Desde Carahue, los autores levantan su entelequia reminiscente pegando nota con nota con lapso con nota, foto con foto con titilar con foto. Signos y colores; fonemas y cánticos. Sus secuencias ordenadas se integran paulatinamente hasta saturar la percepción y traspasar toda literalidad defensiva, dando lugar a un caos cuya única salida pareciera ser aferrarse a una imagen o un acorde al vuelo y, desde allí, retomar una lectura ahora sensible, despojada de atavismos, para descender finalmente a los espacios donde la emoción guía a la razón y permite el entendimiento. Por estos derroteros no sólo encontramos identidades perdidas, sino descubrimos aquéllas que no conocíamos o no nos permitíamos conocer. Revisitamos las etnias fueguinas y constatamos el despojo largamente velado, su virtud desnuda frente a las inclemencias del clima, y su endeblez vestida por la clemencia cristiana. Las miradas del pichikona y la pichimalen mapuches, del wentru y la domo –ella, la domo, la mujer, como contraparte del domus latino y el dominante masculino implícito–, del weche y la kusa.
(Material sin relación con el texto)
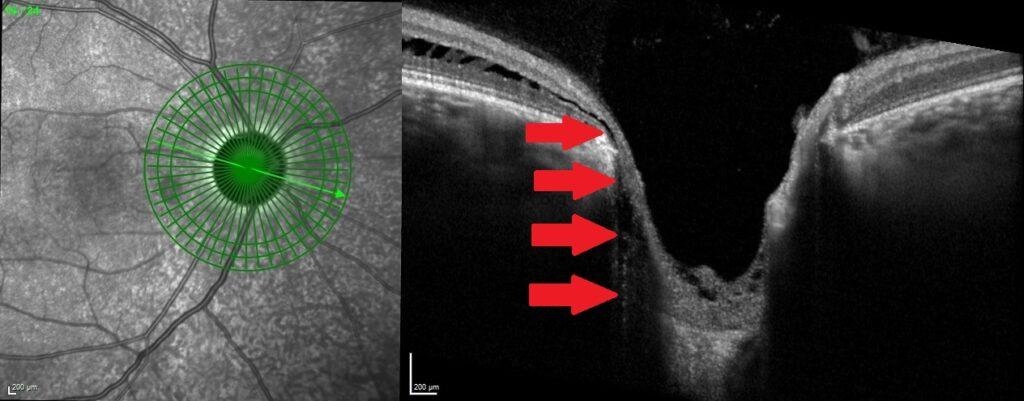 Acquired Optic Disc Pit Secondary to Glaucoma - RetinaRA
Escuchamos los golpes de sus palabras, de sus dedos sobre la mesa, las voces de sus cantos, los cantos de sus aves. Y también evocamos la vida de Stella Díaz Marín, la poeta, y de Eliana, la madre de Leonora, y nos dejamos fluir por las composiciones de Jorge, que interpreta él mismo.
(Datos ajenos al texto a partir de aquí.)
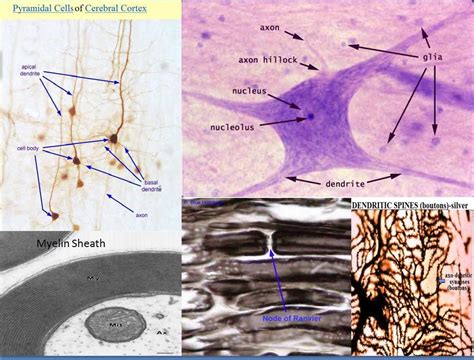 Anaxonic Neuron Slide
El gran lienzo desplegado trasluce sombras como imágenes, la ceniza del fogón absorbe luces como imágenes, el horror vacui y el horror loci discurren sobre el escenario las ausencias que han convocado esos rostros ajenos, esas calles y casas y paisajes que no son nuestros y quizás nunca existieron, tal como los sonidos que ventea el aire no son sino outputs digitales, un 0 y un 1 autoconvencidos de su omnisciencia. Quizás, como alguien anotó una vez, todo lo que aquí se escucha en verdad nunca fue emitido, por más que sí se quiso emitir; quizás, también, todo lo que aquí se ve en verdad sí ocurrió, por más que nunca se quiso que sucediera. O como esa imagen emblemática de la muestra, donde suponemos que los peñis con audífonos escuchan, aunque tal vez el generador todavía no está encendido, tal como suponemos que los peñis sin audífonos también escuchan, aunque tal vez el ave permanece en silencio. La foto es muda; el sonido es ciego. Ambos se necesitan aquí, entrañablemente.